▶ _YOUR ASSIGNMENT_
Restate all the data word for word, leaving nothing out.

▶ _SOURCE MATERIAL_
::::::::

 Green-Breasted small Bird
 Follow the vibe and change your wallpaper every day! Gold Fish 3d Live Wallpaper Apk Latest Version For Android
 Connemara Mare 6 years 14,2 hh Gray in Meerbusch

::::::::

▶ _WORKED SOLUTION_
 Green-Breasted small Bird
 Follow the vibe and change your wallpaper every day! Gold Fish 3d Live Wallpaper Apk Latest Version For Android
 Connemara Mare 6 years 14,2 hh Gray in Meerbusch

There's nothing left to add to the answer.